Israel’s image continues to nose dive

In spite of the valiant efforts of the Israeli lobby to stifle criticism, Israel just can’t seem to get good press these days.

Young non-Orthodox US Jews are becoming increasingly lukewarm if not alienated in their support for Israel in a trend that is not likely to be reversed, according to a study released on Thursday.

Blending into US society, including marriage to non-Jews and a tendency to look on Judaism more in religious terms than ethnic ones, is part of what’s happening, the study found.

Norway has chipped in to criticize Israel.

Norway’s embassy in Tel Aviv has urged the government to criticize Israel for the alleged use of torture in prisons, the state radio network NRK reported Thursday.

The network said it had obtained a secret diplomatic document from the embassy urging action by expressing our concern that torture is still practiced in Israel.

According to Norway’s NRK, the concern stemmed from a report by the Public Committee Against Torture in Israel, an Israeli human rights group, claiming that prisoners were sometimes beaten during interrogation, held in painfully tight handcuffs and suffered isolation, threats, humiliation and sleep deprivation.

This made Israel less than happy, expressing the usual outrage at being held to account without actually denying the allegations.…  As is often the case, it’s not the criticism that Israel has a problem with, it is the fact that it is being criticized at all.

The officials said that the Norwegian embassy was “acting in an unprofessional and very one-sided way, and that their actions bordered on hostility.”

Human Rights Watch revealed what we already suspected from last year’s Lebanon War, that Israel does indeed target civilians.

In its harshest condemnation of Israel since the Second Lebanon War, Human Rights Watch charged that most of the Lebanese civilian casualties came from indiscriminate Israeli air strikes, according to a report to released Thursday.

Presenting the group’s findings at a news conference, Human Rights Watch executive director Kenneth Roth said there were only rare cases of Hezbollah operating in civilian villages.

“To the contrary, once the war started, most Hezbollah military officials and even many political officials left the villages,” he said. And indeed what we found is that most Hezbollah military activity was conducted from prepared positions outside Lebanese villages in the hills and valleys around.”

Meanwhile, Israel continues to behave badly.

According to a Western diplomat in Damascus, IAF planes which had allegedly infiltrated into Syrian airspace overnight Wednesday were most likely positioned in the area to take photographs, Israel Radio reported on Thursday night.
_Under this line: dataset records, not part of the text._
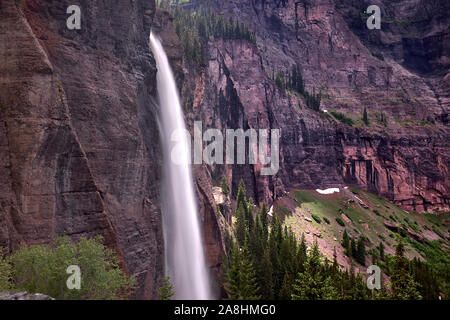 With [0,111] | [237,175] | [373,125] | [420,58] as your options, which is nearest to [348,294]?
[0,111]

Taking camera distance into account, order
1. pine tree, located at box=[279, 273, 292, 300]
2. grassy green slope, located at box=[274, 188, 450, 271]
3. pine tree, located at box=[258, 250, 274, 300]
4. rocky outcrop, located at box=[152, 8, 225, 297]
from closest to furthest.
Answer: pine tree, located at box=[279, 273, 292, 300], pine tree, located at box=[258, 250, 274, 300], rocky outcrop, located at box=[152, 8, 225, 297], grassy green slope, located at box=[274, 188, 450, 271]

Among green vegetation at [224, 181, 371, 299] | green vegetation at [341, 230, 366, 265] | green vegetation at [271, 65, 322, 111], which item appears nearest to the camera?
green vegetation at [224, 181, 371, 299]

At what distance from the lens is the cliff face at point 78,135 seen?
24.2m

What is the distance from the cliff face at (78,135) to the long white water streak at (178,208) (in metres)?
4.10

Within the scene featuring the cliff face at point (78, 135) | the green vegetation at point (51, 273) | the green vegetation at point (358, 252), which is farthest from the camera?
the green vegetation at point (358, 252)

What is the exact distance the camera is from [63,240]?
23922mm

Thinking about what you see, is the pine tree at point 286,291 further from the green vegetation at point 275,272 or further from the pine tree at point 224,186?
the pine tree at point 224,186

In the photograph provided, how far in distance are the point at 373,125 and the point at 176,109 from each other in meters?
134

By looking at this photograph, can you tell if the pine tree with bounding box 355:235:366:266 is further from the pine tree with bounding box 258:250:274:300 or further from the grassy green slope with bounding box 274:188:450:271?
the pine tree with bounding box 258:250:274:300

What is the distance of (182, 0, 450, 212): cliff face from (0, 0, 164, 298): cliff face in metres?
42.1

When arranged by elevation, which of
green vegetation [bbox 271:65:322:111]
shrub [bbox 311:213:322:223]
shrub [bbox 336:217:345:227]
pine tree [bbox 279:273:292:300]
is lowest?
shrub [bbox 336:217:345:227]

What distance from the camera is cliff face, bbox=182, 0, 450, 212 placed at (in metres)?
110

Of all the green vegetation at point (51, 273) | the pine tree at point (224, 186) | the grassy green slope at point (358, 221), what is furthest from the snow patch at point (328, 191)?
the green vegetation at point (51, 273)

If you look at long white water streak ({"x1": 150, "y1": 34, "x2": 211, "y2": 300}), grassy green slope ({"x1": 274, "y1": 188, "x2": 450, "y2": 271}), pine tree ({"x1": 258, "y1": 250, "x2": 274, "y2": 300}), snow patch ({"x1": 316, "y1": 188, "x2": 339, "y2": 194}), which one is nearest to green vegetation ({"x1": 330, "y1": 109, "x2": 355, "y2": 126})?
grassy green slope ({"x1": 274, "y1": 188, "x2": 450, "y2": 271})
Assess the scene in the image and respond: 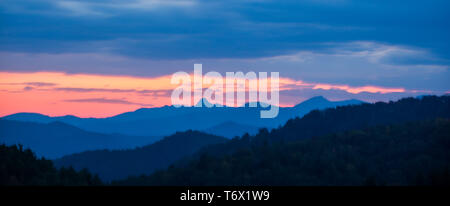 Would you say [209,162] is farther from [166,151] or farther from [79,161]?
[79,161]

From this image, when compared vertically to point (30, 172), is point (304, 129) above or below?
above

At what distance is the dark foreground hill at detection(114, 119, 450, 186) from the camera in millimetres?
36188

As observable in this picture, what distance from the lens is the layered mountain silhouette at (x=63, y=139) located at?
104 m

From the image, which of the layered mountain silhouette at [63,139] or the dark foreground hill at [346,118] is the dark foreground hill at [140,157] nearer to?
the dark foreground hill at [346,118]

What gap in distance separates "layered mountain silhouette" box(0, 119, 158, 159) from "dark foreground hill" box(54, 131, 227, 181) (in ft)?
67.8

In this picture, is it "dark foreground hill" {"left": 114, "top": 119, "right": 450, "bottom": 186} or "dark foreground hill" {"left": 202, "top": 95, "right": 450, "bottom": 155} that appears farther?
"dark foreground hill" {"left": 202, "top": 95, "right": 450, "bottom": 155}

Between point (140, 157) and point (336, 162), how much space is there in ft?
144

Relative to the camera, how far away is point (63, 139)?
365 ft

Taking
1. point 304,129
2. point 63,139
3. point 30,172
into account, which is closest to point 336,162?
point 30,172

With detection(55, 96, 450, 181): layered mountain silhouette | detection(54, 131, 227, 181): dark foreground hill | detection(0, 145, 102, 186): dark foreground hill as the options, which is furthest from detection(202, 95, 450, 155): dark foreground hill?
detection(0, 145, 102, 186): dark foreground hill

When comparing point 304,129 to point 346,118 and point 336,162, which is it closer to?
point 346,118

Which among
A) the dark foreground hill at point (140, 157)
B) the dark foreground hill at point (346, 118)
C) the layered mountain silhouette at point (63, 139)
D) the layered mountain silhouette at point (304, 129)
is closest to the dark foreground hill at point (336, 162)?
the layered mountain silhouette at point (304, 129)

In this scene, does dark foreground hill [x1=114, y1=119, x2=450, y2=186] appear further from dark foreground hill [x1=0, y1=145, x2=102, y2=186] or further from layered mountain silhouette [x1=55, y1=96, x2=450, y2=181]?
layered mountain silhouette [x1=55, y1=96, x2=450, y2=181] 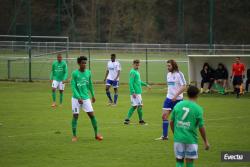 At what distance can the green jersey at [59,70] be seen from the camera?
27.4m

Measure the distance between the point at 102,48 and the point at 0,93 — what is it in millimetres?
23882

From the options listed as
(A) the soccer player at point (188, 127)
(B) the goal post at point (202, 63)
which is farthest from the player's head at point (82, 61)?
(B) the goal post at point (202, 63)

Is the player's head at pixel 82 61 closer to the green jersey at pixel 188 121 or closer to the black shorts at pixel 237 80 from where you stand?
the green jersey at pixel 188 121

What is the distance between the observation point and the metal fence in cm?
4625

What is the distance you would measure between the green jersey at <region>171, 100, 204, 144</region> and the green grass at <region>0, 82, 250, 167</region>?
2589 mm

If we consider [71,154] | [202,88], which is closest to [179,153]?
[71,154]

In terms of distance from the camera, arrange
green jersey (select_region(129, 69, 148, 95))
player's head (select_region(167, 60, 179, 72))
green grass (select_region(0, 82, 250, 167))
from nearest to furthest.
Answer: green grass (select_region(0, 82, 250, 167)) < player's head (select_region(167, 60, 179, 72)) < green jersey (select_region(129, 69, 148, 95))

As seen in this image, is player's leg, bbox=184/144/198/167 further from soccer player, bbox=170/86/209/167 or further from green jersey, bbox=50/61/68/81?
green jersey, bbox=50/61/68/81

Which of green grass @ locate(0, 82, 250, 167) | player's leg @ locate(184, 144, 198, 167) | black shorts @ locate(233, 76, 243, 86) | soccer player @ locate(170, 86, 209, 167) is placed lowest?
green grass @ locate(0, 82, 250, 167)

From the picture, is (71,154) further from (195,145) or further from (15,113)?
(15,113)

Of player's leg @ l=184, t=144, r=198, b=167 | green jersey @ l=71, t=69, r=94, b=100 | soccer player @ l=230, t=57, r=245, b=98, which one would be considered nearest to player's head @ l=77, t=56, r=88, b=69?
green jersey @ l=71, t=69, r=94, b=100

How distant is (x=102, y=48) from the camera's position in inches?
2251

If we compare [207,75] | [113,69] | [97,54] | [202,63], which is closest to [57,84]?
[113,69]

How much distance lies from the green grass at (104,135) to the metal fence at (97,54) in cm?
1691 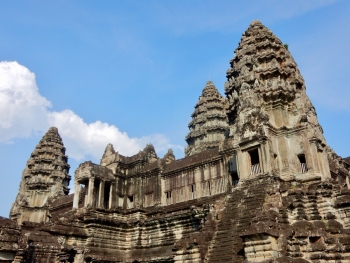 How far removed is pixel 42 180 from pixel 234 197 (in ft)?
102

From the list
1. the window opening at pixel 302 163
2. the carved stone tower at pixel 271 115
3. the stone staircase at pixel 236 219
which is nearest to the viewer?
the stone staircase at pixel 236 219

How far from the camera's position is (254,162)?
22359 millimetres

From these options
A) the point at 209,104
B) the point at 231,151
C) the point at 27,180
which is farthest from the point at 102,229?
the point at 209,104

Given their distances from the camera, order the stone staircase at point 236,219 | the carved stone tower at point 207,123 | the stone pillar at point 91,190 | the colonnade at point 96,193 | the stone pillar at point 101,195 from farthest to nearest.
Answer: the carved stone tower at point 207,123
the stone pillar at point 101,195
the colonnade at point 96,193
the stone pillar at point 91,190
the stone staircase at point 236,219

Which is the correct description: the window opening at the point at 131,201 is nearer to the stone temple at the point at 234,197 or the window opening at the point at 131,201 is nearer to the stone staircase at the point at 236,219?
the stone temple at the point at 234,197

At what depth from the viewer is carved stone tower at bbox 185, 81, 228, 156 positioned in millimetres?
46219

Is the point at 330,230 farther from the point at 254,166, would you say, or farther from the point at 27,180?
the point at 27,180

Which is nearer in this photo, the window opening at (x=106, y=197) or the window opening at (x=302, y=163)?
the window opening at (x=302, y=163)

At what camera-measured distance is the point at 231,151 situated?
80.5 feet

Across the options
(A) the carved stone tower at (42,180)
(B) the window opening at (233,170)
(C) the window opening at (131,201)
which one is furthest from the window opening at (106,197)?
(B) the window opening at (233,170)

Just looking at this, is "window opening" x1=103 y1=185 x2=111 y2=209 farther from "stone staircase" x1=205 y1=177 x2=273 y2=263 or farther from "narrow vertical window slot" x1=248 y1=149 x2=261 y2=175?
"stone staircase" x1=205 y1=177 x2=273 y2=263

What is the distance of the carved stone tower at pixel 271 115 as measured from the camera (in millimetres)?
20656

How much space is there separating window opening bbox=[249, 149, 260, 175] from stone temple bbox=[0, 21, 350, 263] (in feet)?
0.30

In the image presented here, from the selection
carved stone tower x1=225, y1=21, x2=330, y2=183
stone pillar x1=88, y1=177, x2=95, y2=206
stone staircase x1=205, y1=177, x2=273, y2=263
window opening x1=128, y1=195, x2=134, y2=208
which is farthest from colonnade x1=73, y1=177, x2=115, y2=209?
stone staircase x1=205, y1=177, x2=273, y2=263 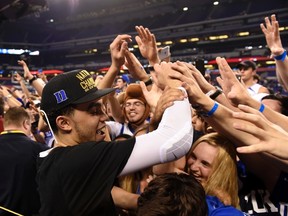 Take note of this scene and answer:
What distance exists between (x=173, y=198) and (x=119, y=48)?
1.39 metres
After Syrian aerial defense systems identified the jets, the pilots were forced to throw bombs and fuel tanks out of the planes, said the official.

The IDF spokesperson declined to comment, saying that the army does not respond “to such reports.”

One can only imagine the cries of indignation from Israel’s amen corner had an Arab country violated Israeli air space, along with the obligatory claims of right to self defense.